Heron, Great Blue
Description: This heron can be seen wading in water, spearing fish with its long beak, or flying over with neck and legs tucked.
One of the most peaceful summer scenes at the Garden is observing a great blue heron standing in one of the lakes.
The great blue stands 4 to 4 1/2 feet tall and has a blue-gray back; long, gray neck; and black and white throat. The heron stares intently at the water waiting for the perfect time to strike a fish or frog with its long, daggerlike bill.
Suddenly, the heron takes off, revealing its 6-foot wingspan and looking like a prehistoric flying dinosaur. In flight, the great blue can be confused with the similarly sized sandhill crane. But the heron holds its neck curved, looking like it is tucked into its shoulder, while the crane holds its neck straight and elongated.
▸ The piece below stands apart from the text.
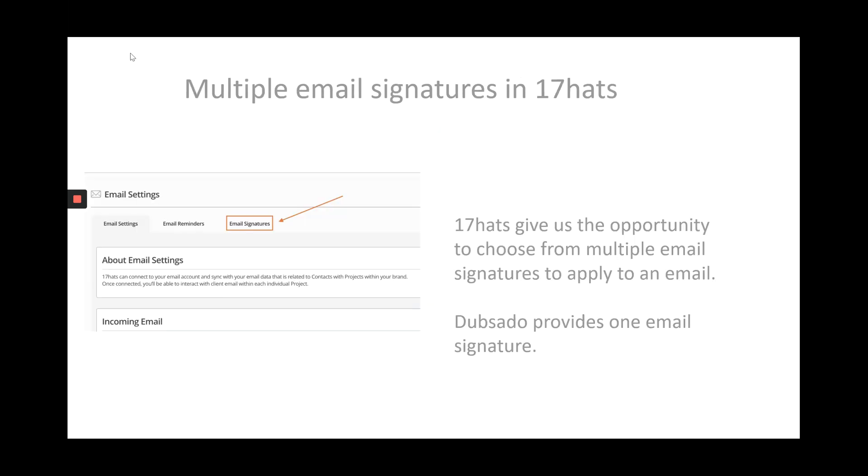In Dubsado, you can have one email signature, whereas in 17hats, we can have multiple email signatures. I love using this for when I have a sales promotion on — I can use a specific email signature for that. It gives more options for personalizing your emails.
The great blue herons you see at the Garden in late spring and early summer likely have flown from a rookery several miles away to find food to bring back to their young.
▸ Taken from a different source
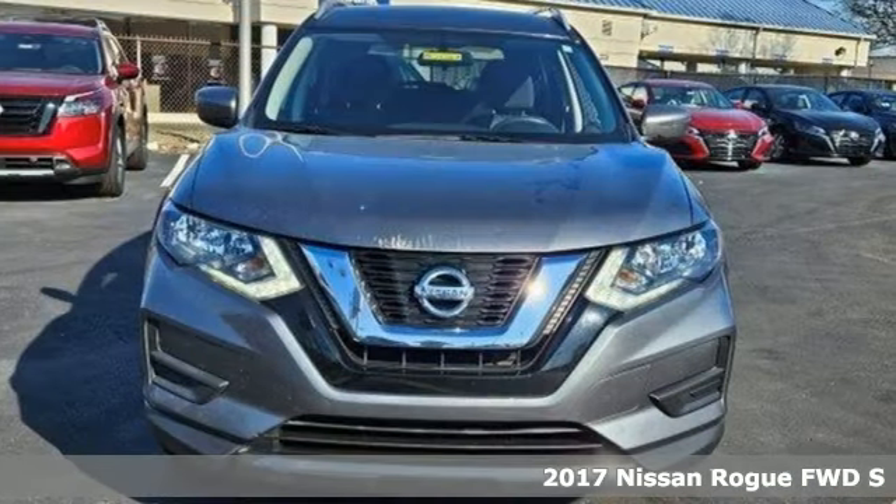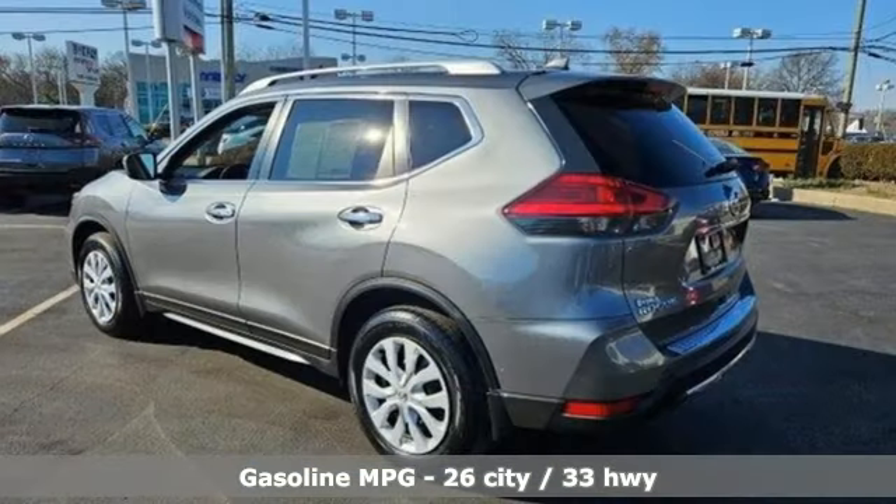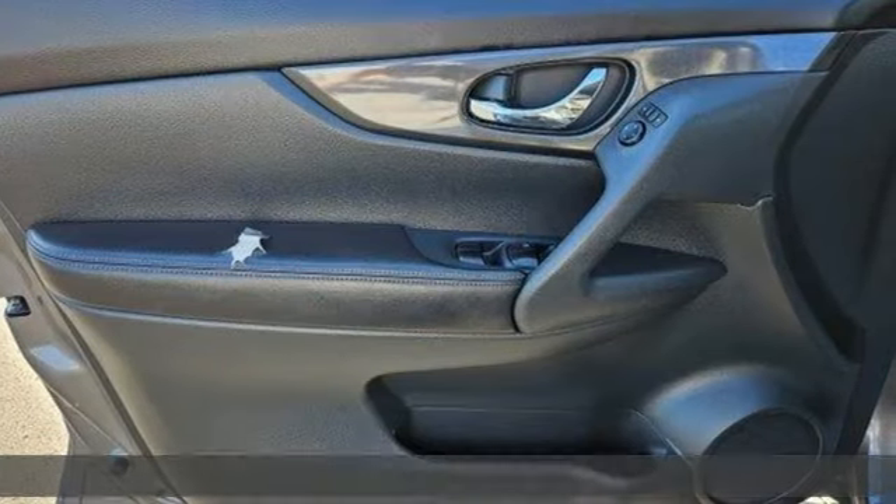It comes with great features you'll love. Inline four-cylinder engine. Manual tilting steering column. Bluetooth wireless audio streaming. Manual telescoping steering column.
A rookery is a group of trees that contains a colony of herons and egrets. Rookeries consist of just a few great blue herons or hundreds of pairs, sometimes along with several other wading birds including great egrets and black-crowned night-herons.
In early spring, the adult great blue heron carries sticks nearly as long as its body length to build a nest or repair one used last season. If herons are successful in raising young, they’ll return to the same spot to nest each year.
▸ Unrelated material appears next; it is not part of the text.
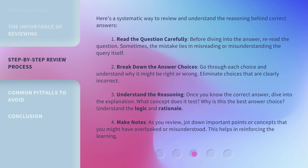Third, understand the reasoning. Once you know the correct answer, dive into the explanation. What concept does it test? Why is this the best answer choice? Understand the logic and rationale. Fourth, make notes. As you review, jot down important points or concepts that you might have overlooked or misunderstood — this helps in reinforcing the learning.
A heron rookery can be a noisy, messy place with squawking young hollering for their dinner. When they see their parents return from their food-finding forays, the young get louder until mom or dad lands on the nest and regurgitates morsels of food into gaping mouths.
In August, most heron young have left their nests and are feeding on their own. They and the adults begin to gather in larger groups where food is plentiful. A few great blue herons may linger in northern Illinois during winter as long as they can find open water with fish.
Great blue herons swallow their prey whole. After stabbing its prey, the heron has to flip it until it's in the right position to go down the long way. The heron's throat bulges as the fish slides down. Sometimes the great blue heron's eyes get bigger than its stomach and the prey never gets down the bird's throat.